The fact that they bought from Comcast rather than someone like Level3 or XO should tell you that they rate they got from Comcast was better than what they'd have gotten from another transit provider.

If you serve content on the internet, you have to buy transit from someone.

Edit: Would the downvoters like to point out what's wrong about my assertion?



Netflix didn't buy transit from Comcast; they paid Comcast some large fee to upgrade links to one or more transit providers that Comcast would in the ordinary and traditional course of business done itself, so as to continue delivering its traditional unrestricted internet product to customers.

Netflix can't reach every Comcast node around the country, so it couldn't have 'bought transit' from Comcast. It did try the next best thing: colocating, at its own expense, servers at Comcast POPs with cached Netflix content. Comcast said no thanks to that one. Netflix also tried buying extra capacity from other transit providers (Tata and some others.) I think -- but am not certain -- that, when Comcast learned that that deal had happened, it began failing to upgrade those links, too.

It's hard to think of an explanation for these peering disputes between CDNs/transit providers and consumer ISPs that doesn't imply ISP hostage-taking. (Where the consumer is hostage.) These consumer ISPs have an easy job: keep these links to the middle networks and backbone networks up to date. And keep the copper in decent shape.


> they paid Comcast some large fee to upgrade links to one or more transit providers

Do you have a link for that? I was unaware of any of that happening. It was my understanding that Netflix is engaging in paid peering directly with Comcast now (http://bgp.he.net/AS2906#_peers).

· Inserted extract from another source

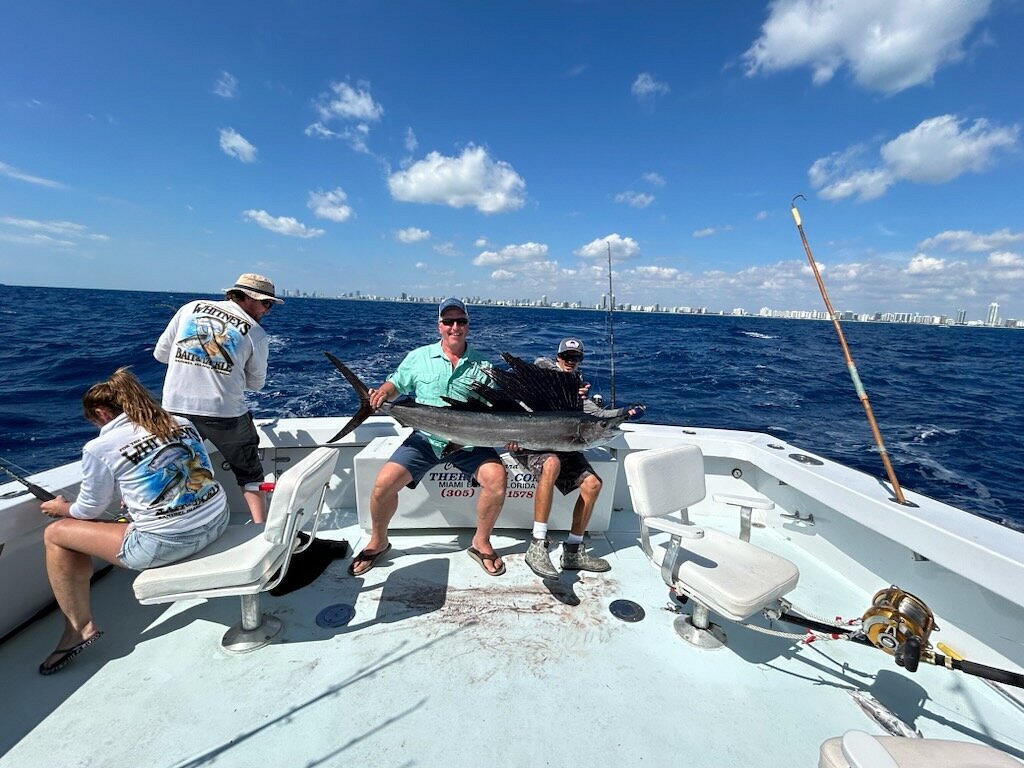 Keith was great about letting kids do some things on their own but helping  quickly when needed - Picture of Therapy IV Deep Sea Fishing Experience,  Miami Beach - Tripadvisor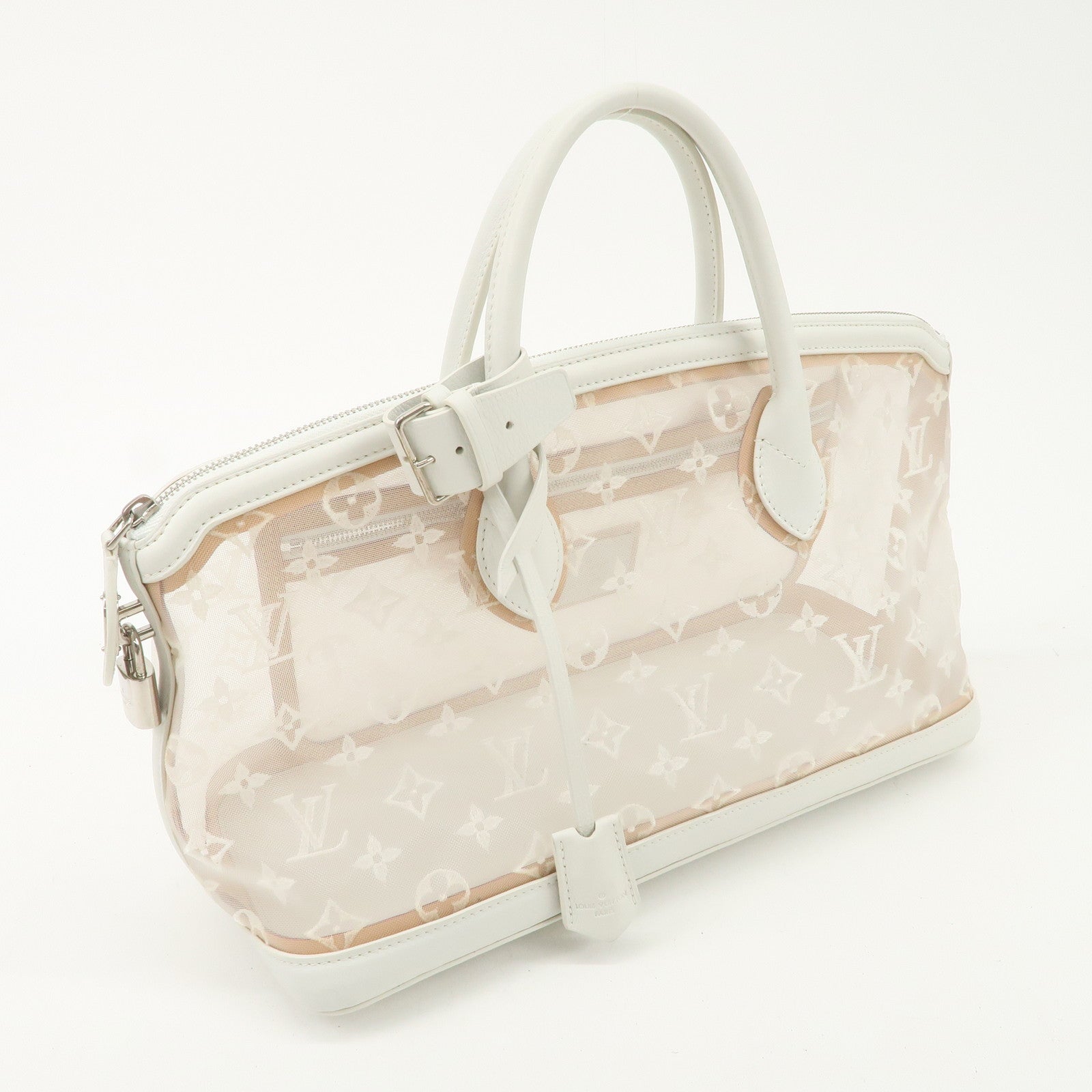 Louis Vuitton Monogram Transparence Lock It East West Bag M40701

You're right that Netflix isn't technically buying transit from Comcast, but they replaced their transit purchased from Cogent with paid peering purchased from Comcast; the net effect is the same.

> It's hard to think of an explanation for these peering disputes between CDNs/transit providers and consumer ISPs that doesn't imply ISP hostage-taking.

I think that's exactly what's happening here, but it's done as a bargaining chip in the never-ending peering wars, rather than Comcast specifically engaging in rent-seeking from Netflix. The history of settlement-free peering is long and sordid, and last-mile providers have been at odds with the T1s for decades. Netflix massively amplified that dispute simply by virtue of the amount of bandwidth they consume.


Netflix does use Level 3. At least for their connections to Verizon FiOS customers. Who also observe shit performance.


The Verizon/Level3 Netflix performance issue is also the consequence of a peering dispute between Level3 and Verizon, by admission of both Verizon and Level3 - not a consequence of Verizon specifically throttling Netflix traffic.

It's very important that the distinction be made between saturated interlinks and throttling of specific origins; many people seem to think that it's the latter that's been done here, when the issue is consistently interlink capacity disputes between last-mile ISPs and T1 providers.

To put it another way, unless these new rules require that ISPs hook up as much interlink as their T1 peers ask for, these rules won't fix shitty Netflix performance on last-mile networks who are engaged in peering disputes with Netflix's transit providers.


"To put it another way, unless these new rules require that ISPs hook up as much interlink as their T1 peers ask for, these rules won't fix shitty Netflix performance on last-mile networks who are engaged in peering disputes with Netflix's transit providers."

100% agree. But it isn't really "as much as peers ask for;" it's more like: as much as consumers demand, keeping peak link utilization at 50% or some industry standard figure.